Qué me puedes explicar si, mientras tanto, empleamos media vida en perseguir un estúpido ideal como si de meta se tratase. Qué engañados nos tienen, felicidad, tú que siempre fuiste una ramera de placer momentáneo, de sucedáneos y de instantes encadenados, cómo nos hicieron pensar que te podríamos acariciar siquiera el renombre.

Las prisas, por eso de que tenemos los días contados pero ni puta idea de hacia dónde vamos, aunque repitamos, una y otra vez, hacia dónde o hacia quién no querríamos volver. Como si a estas alturas, y tras varios corazones de práctica, también hubiésemos aprendido a mentirnos a nosotros mismos.

El sexo exprés de una o, tal vez, varias noches, convenciéndonos, a media voz, de que siempre será mejor plan que el amor a fuego lento, cuando ni siquiera podemos engañar a nadie con esas vacías apariencias de arañar corazones con nuestra supuesta coraza de hielo.

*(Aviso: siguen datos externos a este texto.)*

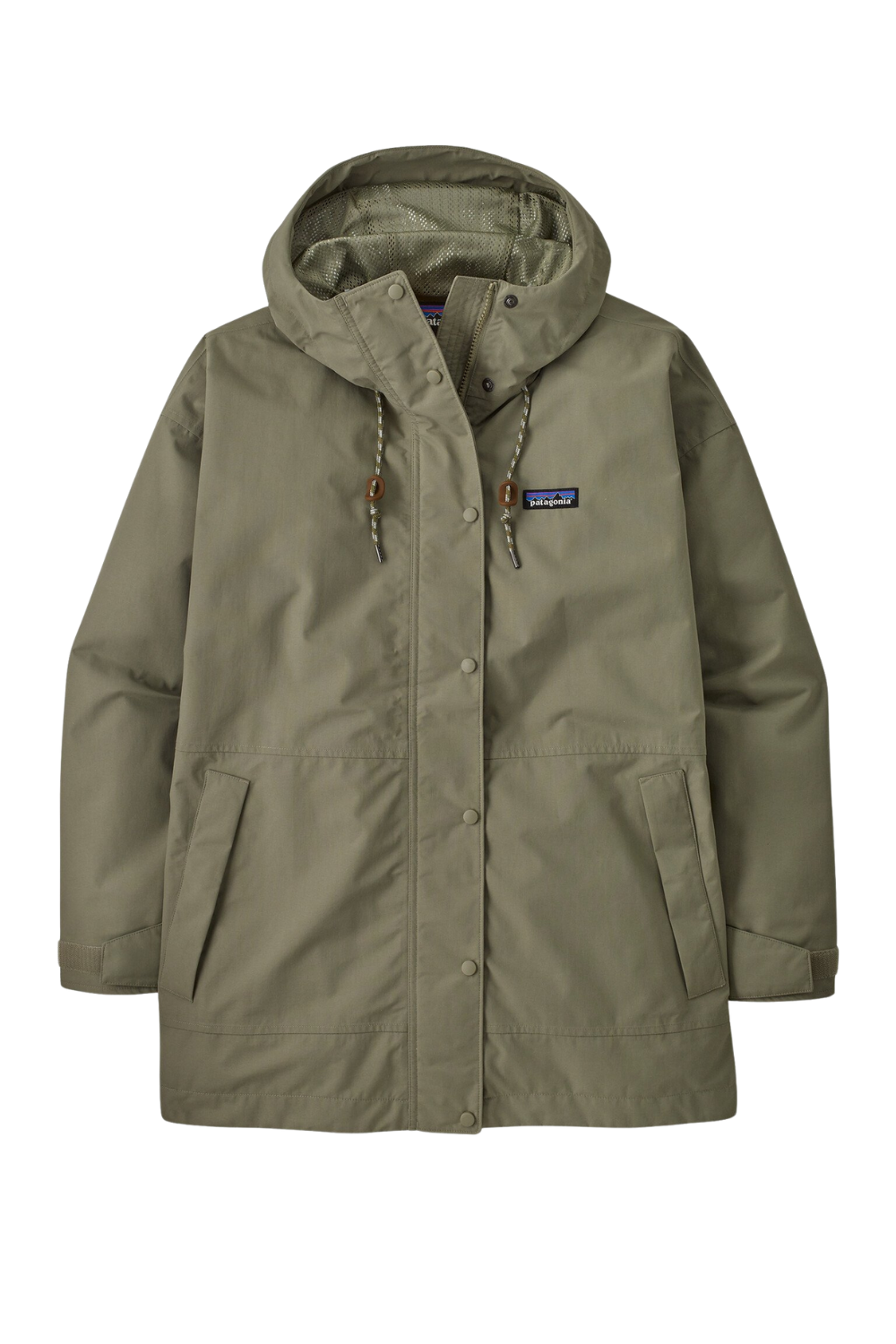 Patagonia Womens Outdoor Everyday Rain Jacket River Rock Green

A pesar de nuestras prisas y de lo que reducimos y coartamos al amor por aquellas cenizas que siguen llenando de polvo nuestra respiración, a pesar de todo, aún tenemos cabida para el maldito odio. Quizá no nos importa invertir tiempo en aquello que nos hace notar que aún seguimos permaneciendo vivos y con un objetivo que alcanzar.

Dorada felicidad...  nadie me lo dijo hasta que pude percatarme. Y es una puta pena,

pero ni Dios se salva del ojo de la tormenta.